*Task objective:*
Retype, exactly and completely, the listing that comes next, skipping its images.

[[ Collected material open ]]

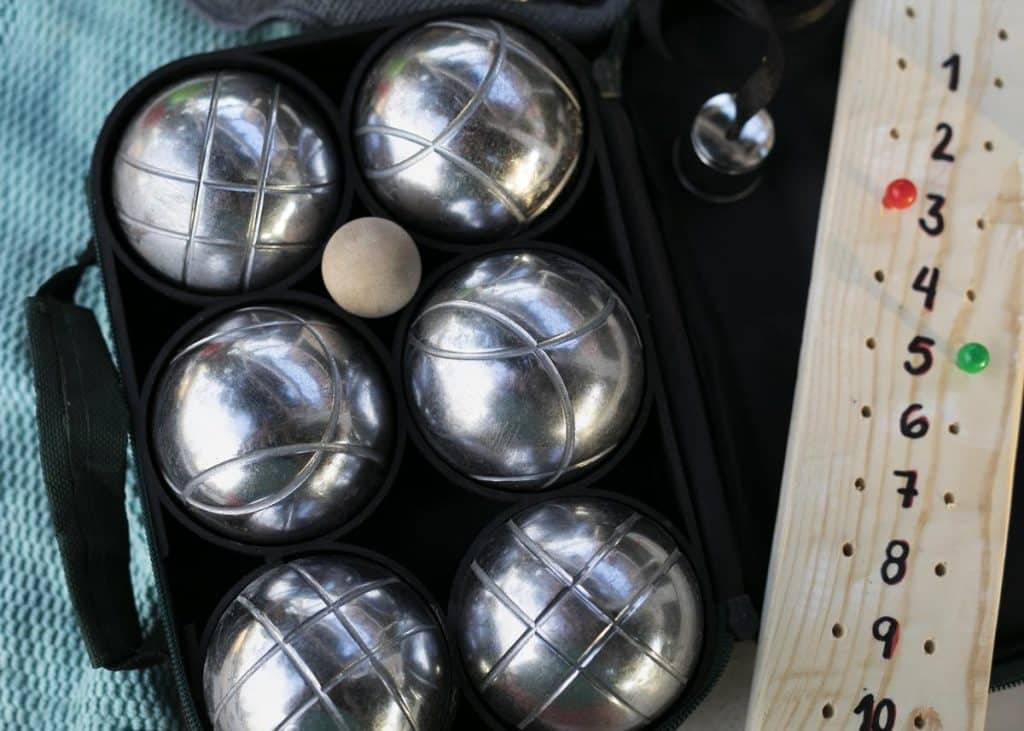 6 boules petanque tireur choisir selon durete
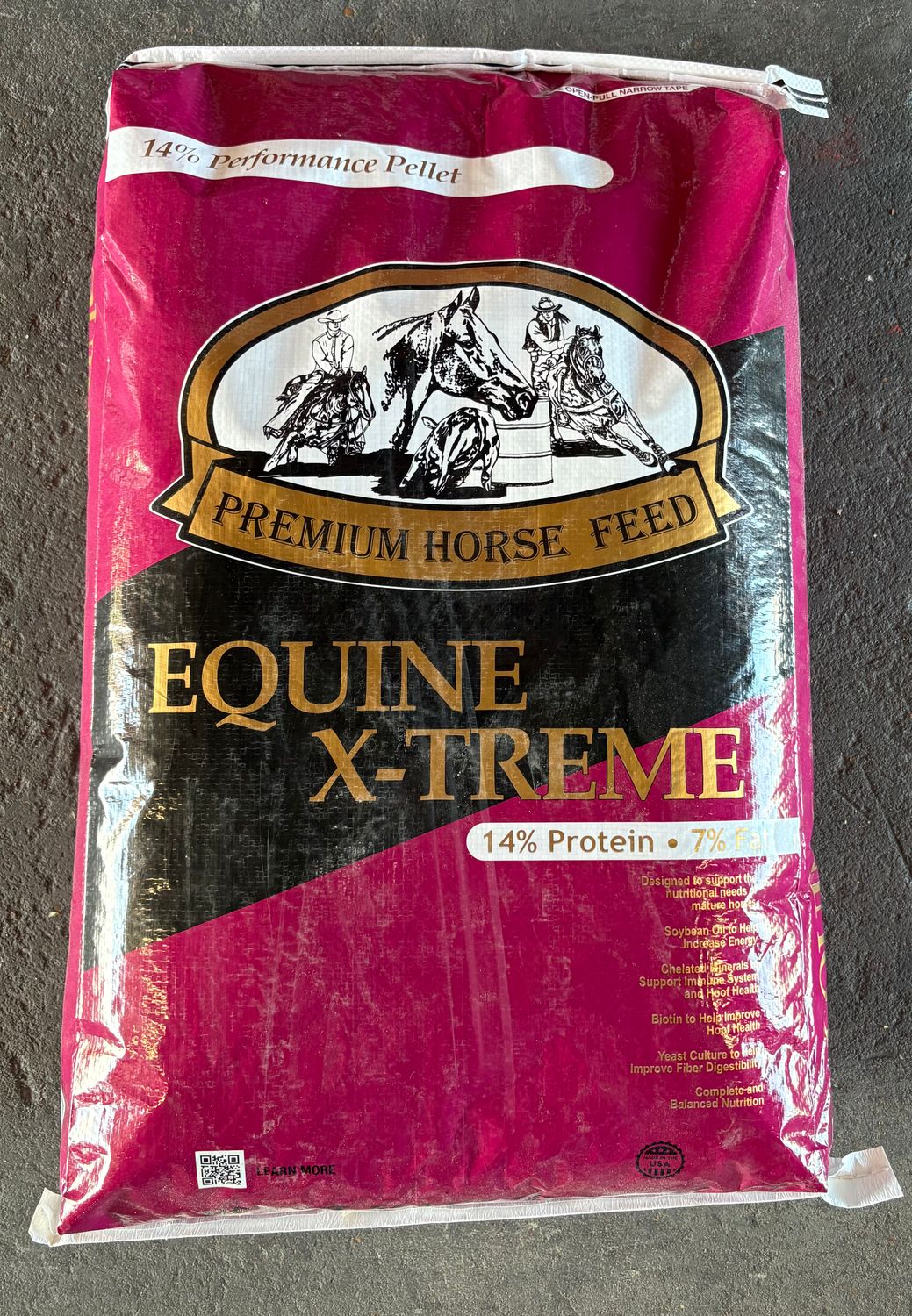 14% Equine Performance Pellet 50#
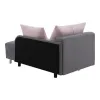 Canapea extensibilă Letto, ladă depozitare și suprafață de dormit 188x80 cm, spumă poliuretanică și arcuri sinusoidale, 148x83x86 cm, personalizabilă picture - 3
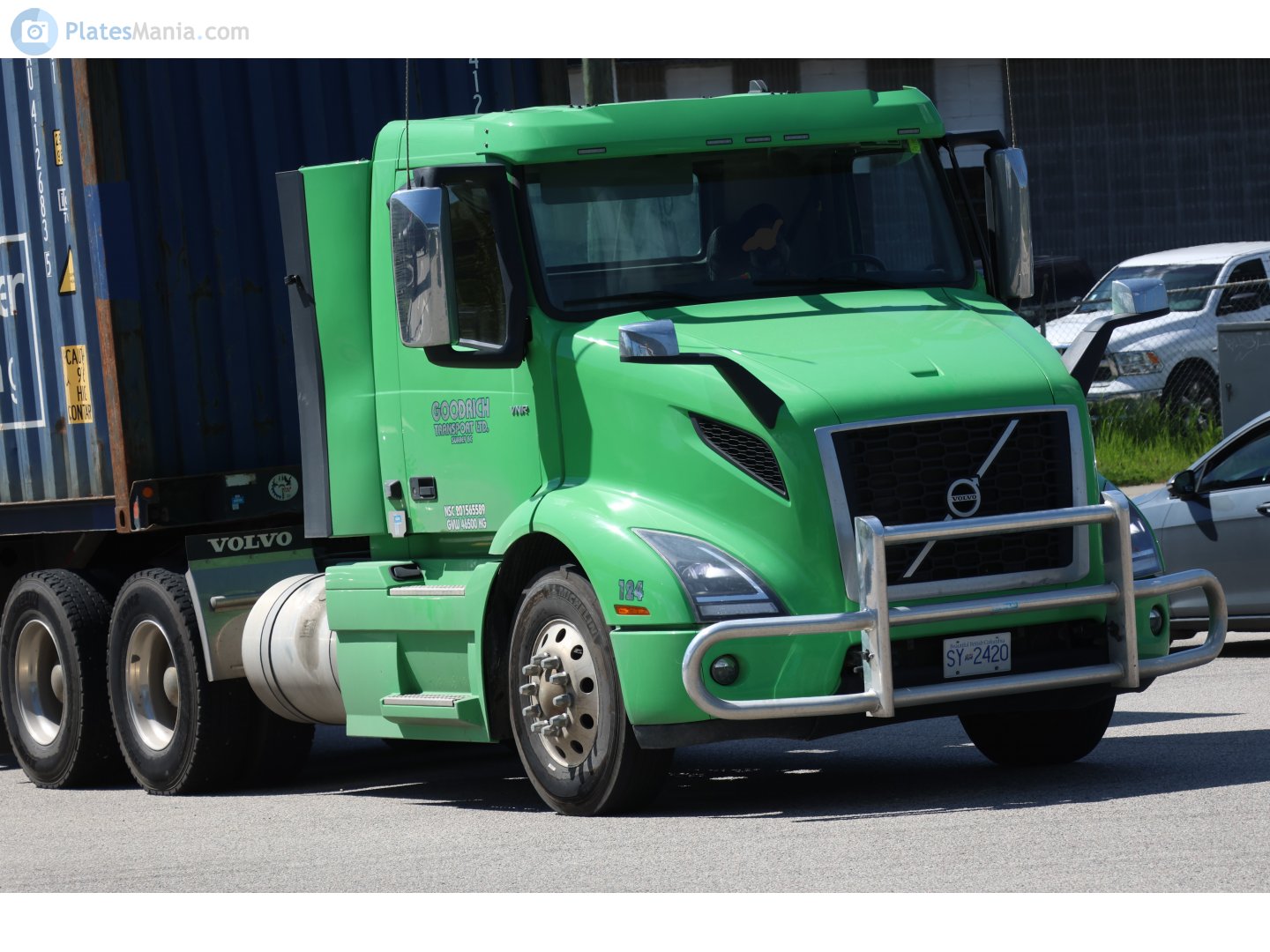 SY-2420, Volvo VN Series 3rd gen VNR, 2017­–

[[ Collected material closed ]]

*Your solution:*
 6 boules petanque tireur choisir selon durete
 14% Equine Performance Pellet 50#
 Canapea extensibilă Letto, ladă depozitare și suprafață de dormit 188x80 cm, spumă poliuretanică și arcuri sinusoidale, 148x83x86 cm, personalizabilă picture - 3
 SY-2420, Volvo VN Series 3rd gen VNR, 2017­–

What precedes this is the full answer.